No início dos anos de 1970, as pequenas picapes japonesas estavam ganhando força na Terra do Tio Sam. A Toyota com sua Hilux, bem como sua conterrânea, Datsun\Nissan 620, tinham conseguido conquistar uma base fiel clientes que estavam trocando as suas caminhonetes pesadas voltadas ao trabalho para veículo de uso mais urbano e recreativo. Os principais fabricantes norte-americanos se esforçavam para entender essa mudança de mentalidade. Desenvolver um utilitário de pequeno porte levava tempo e dinheiro, e, claro, Detroit tinha muito mais experiência e sucesso nas vendas de veículos grandes.
Logo, alguém pensou: Por que não importar do Japão alguns desses pequenos caminhões e colocarmos nossos logotipos? Assim foi feito, a General Motors trouxe a LUV fornecida pela Isuzu. Como medida paliativa, a Ford assinou um acordo com a Mazda. A picape Mazda Série B tornou-se o Ford Courier, lançada em 1972. Discreta no estilo e no desempenho, a Courier era equipada com motor de 1,8 litro a gasolina e potência de 74 cv, tinha opção de transmissão manual ou automática, além da grande capacidade de carga de 1.400 kg. Nos anos seguintes o modelo recebia melhorias, 1977 foi acrescido o motor 2,3 litros da Ford, fabricado no Brasil, e em 1982 aparecia a versão Perkins 2,2 a diesel.
Como curiosidade, a Mazda fornecia o modelo sem caçamba, o que evitava o pesado imposto de 25% para picapes conhecido como Chicken Tax ou imposto do frango — uma retaliação comercial dos EUA à França e à Alemanha, que em 1964 haviam elevado tributos sobre o frango exportado pelos norte-americanos. Após a importação a caçamba era acrescentada, o que permitia imposto de apenas 4%.
Logo após o Courier chegar ao mercado, a Guerra do Yom Kippur estourou no Oriente Médio, provocando a primeira crise do petróleo. A gasolina de repente ficou muito cara. As filas nos postos eram longas e muitos estabelecimentos ficaram sem combustível. As picapes pesadas e sedentas de Detroit estavam repentinamente fora de sintonia com os tempos.
PROJETO YUMA
As crises do petróleo de 1973 e 1979 foram mesmo decisivas para readequar os hábitos do consumidor norte-americano de automóveis. Com o preço da gasolina nas alturas e a entrada de limites legais para o consumo de combustível (programa CAFE), os grandes carros com motor V8 perderam espaço e chegaram perto da extinção. No caso das picapes, a demanda por modelos mais econômicos levou à criação do segmento médio — compacto para o padrão deles.

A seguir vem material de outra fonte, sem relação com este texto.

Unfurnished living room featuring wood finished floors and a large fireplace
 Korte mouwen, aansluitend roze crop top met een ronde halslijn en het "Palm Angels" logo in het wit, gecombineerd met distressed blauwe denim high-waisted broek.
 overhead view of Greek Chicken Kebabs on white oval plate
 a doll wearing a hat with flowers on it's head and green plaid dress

Em 1976, a Ford iniciou o desenvolvimento do “Projeto Yuma”, com o objetivo de fabricar uma picape compacta produzido em solo norte-americano. Os estudos para conceber o novo veículo foram centrados em torno da qualidade de construção e eficiência de combustível. Para tanto a carroceria foi submetida a extensos testes em túnel de vento. Para melhorar ainda mais a economia de combustível, foi empregado o uso de aço de alta resistência e outros materiais leves, incluindo um alojamento de embreagem de magnésio, caixa de transferência de alumínio para versões de tração nas quatro rodas.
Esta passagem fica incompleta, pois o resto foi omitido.